Smart manufacturing is a tool to achieve improved levels of production efficiency. When employees apply good judgment to the analytics derived from information systems, a manufacturing facility can make sweet music, kind of like an orchestra. nythzl/DigitalVision Vectors/Getty Images

What is smart manufacturing? When we strip away the hype about hardware and network configuration, we don’t find much information available. The industry performs poorly when defining the impact of smart manufacturing on production, safety, and employees. This failure jeopardizes the promise and potential of smart manufacturing to support better decision-making. I hope to explain a vision of smart manufacturing’s role with a simple analogy.
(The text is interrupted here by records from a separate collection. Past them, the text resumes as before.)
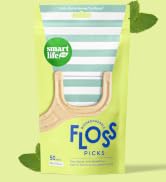 4 Bags of Natural Dental Floss Picks, Mint flavored and thin thread, 200 floss picks total
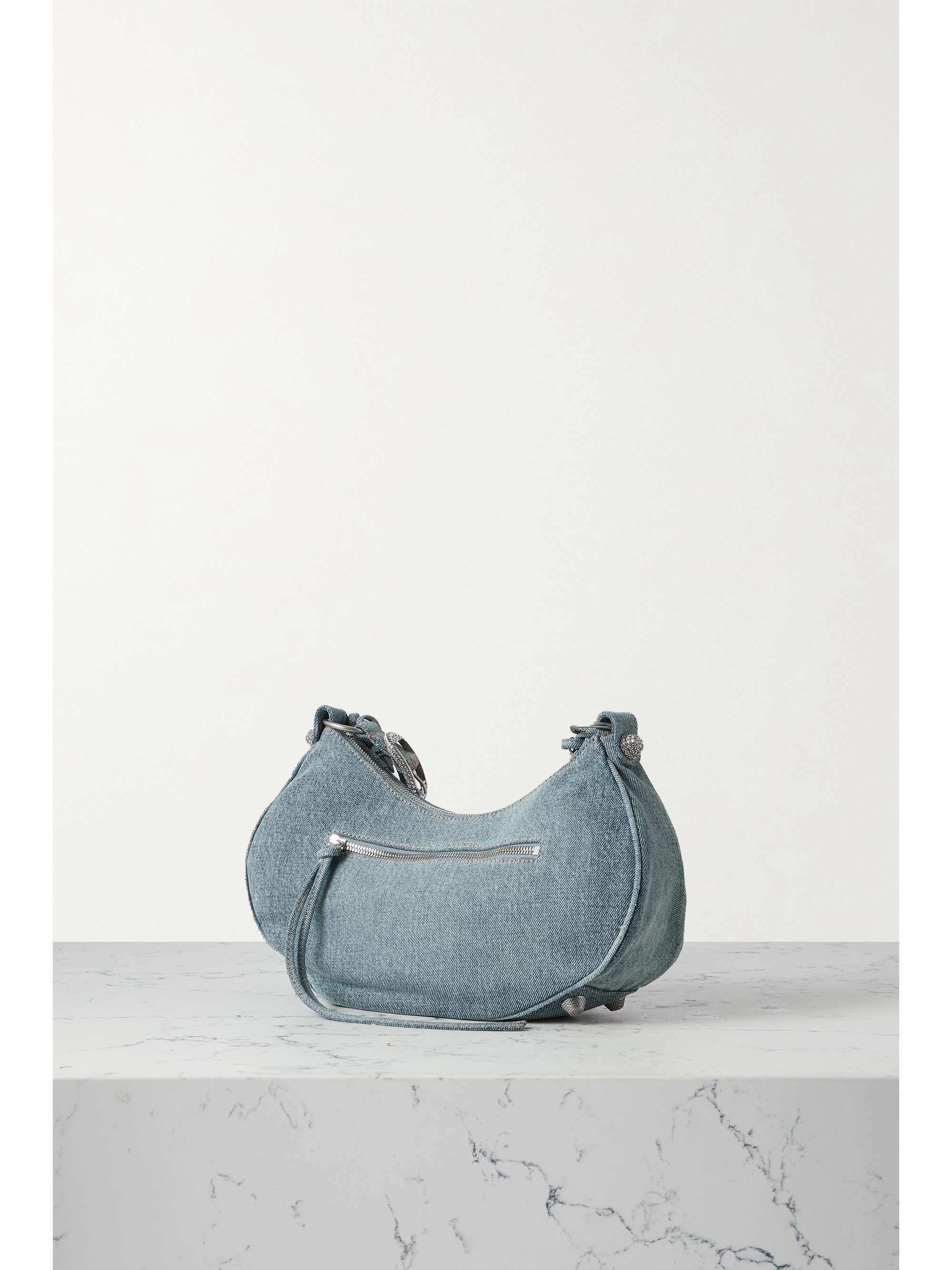 BALENCIAGA Le Cagole small embellished denim shoulder bag
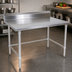 Thumbnail image #3 for John Boos Stallion 48-Inch x 24-Inch Stainless Steel Work Table with 5-Inch Backsplash and Safety Edge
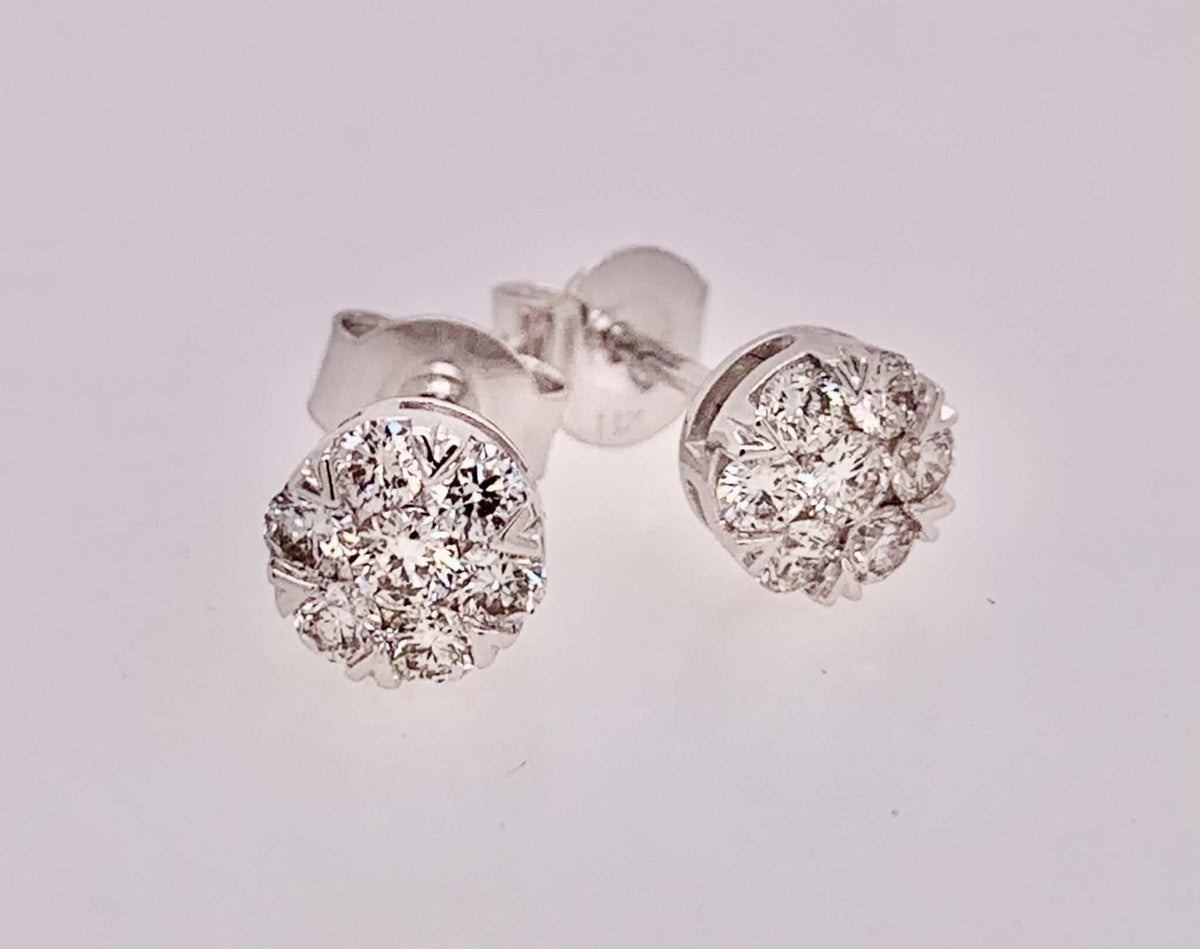14K White Gold Diamond Cluster Earrings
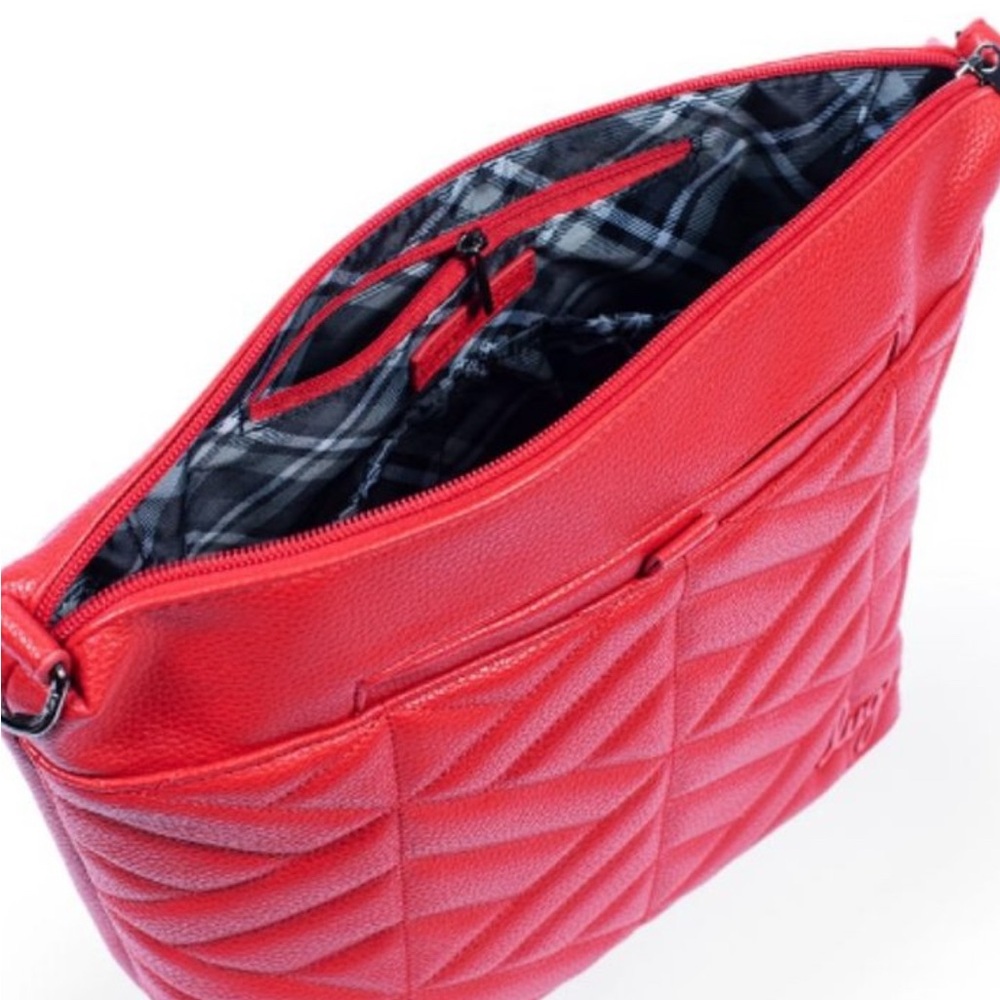 lug Red Quilted Crossbody with Patterned Strap - Picture 3 of 7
Smart manufacturing thrives when employees involved with production and design support smart manufacturing’s goals, understand how it works, and adopt a new collaborative culture focused on product. Smart manufacturing is a contact sport. It requires a lot of participation with others. It also demands employees have the knowledge and willingness to challenge the technology when the results are contrary to knowledge and experience.

Directing the Performers

Smart manufacturing is similar to an orchestra and conductor. As the conductor stands before the orchestra, his or her actions and direction are visible to all members. Musicians immediately understand the direction. Even those who aren’t the focus of a direction might respond in a subtle way to support the conductor’s goal. If the conductor directs the flute section to play louder, the horn section may instinctively play a bit quieter.

An orchestra conductor brings a vision to a performance. Composers write music, but the conductor defines how to deliver that composition to an audience. The conductor’s tools are a composition of musical notes, musicians, historical performances, and a vision. The conductor’s role is to instruct musicians in his vision, rehearse to eliminate mistakes, coordinate diverse instruments, and direct musicians during live performance.

Talented musicians understand the conductor’s instruction and know how to execute that instruction with their instruments. As an orchestra, musicians must all be in tune with each other, understand how to follow the conductor’s timing, and be able to read and interpret their sheet music. The conductor must coordinate and direct all the musicians in the orchestra to deliver a cohesive and enjoyable performance.

Correctly managed, smart manufacturing reflects and supports execution of the business’s goals and values. Much as in an orchestra, smart manufacturing uses data and mathematics to help employees tune and coordinate their talents. Reliable data and analysis support employees to ensure product quality, production efficiency, equipment availability, and safety.

Data-based Decisions

A smart manufacturing system offers timely feedback on the results of conditions and activities. This feedback allows employees to adjust their activities and control material and manufacturing activities for optimal results. One of the biggest challenges in smart manufacturing, however, is that algorithms aren’t visible and only execute the instructions they currently maintain. We don’t always understand their objectives. We can’t honestly even say we respect their competence. Many algorithms reduce complex problems to simplified scores. Most importantly, algorithms aren’t always objective, precise, and accurate.

Statistical analytics present us with models of a manufacturing activity. Models are simplifications of an activity. For example, let’s assume we want to find the stroke velocity that causes the fewest failures. Over time, we can collect data on several stroke velocities and correlate it to forming splits. After a while, we will have enough information to select the best -performing velocity.

Forming sheet metal components is a complex activity driven by many variables. What if we stepped out of statistics and began experimenting with additional variables? We might find that the failure rate of a given stroke velocity changes with a change in lubrication or the application of the lubricant. Perhaps we can identify a stroke velocity and lubricant combination that both reduces our failure rate and helps us meet our production volume requirements. In this case, our model failed to support both good decision-making and our business goals.

Manufacturers must work to maintain accurate and unbiased data. By its nature, data is biased to existing equipment and management practices. Analyzing historical data carries with it the biases of the past. Data should be scrubbed of implicit bias if it is to support objective decision-making based on the entire spectrum of possibilities. Likewise, when we replace equipment, data from the previous machine is likely no longer relevant, and the information probably should be archived or discarded.

The strength of smart manufacturing lies in mathematics. When we bring timely analysis to the plant floor, collaborative employees can adjust their respective activities to enhance the development of product. With this strength also comes risk.

Data isn’t always accurate. Analysis isn’t always correct. People can place too much faith in analytics at a cost to good judgment. The only way to remedy this is to support employee skills, encourage good work habits, demand cooperation across design and manufacturing, and teach employees the opportunities and risks inherent in smart manufacturing.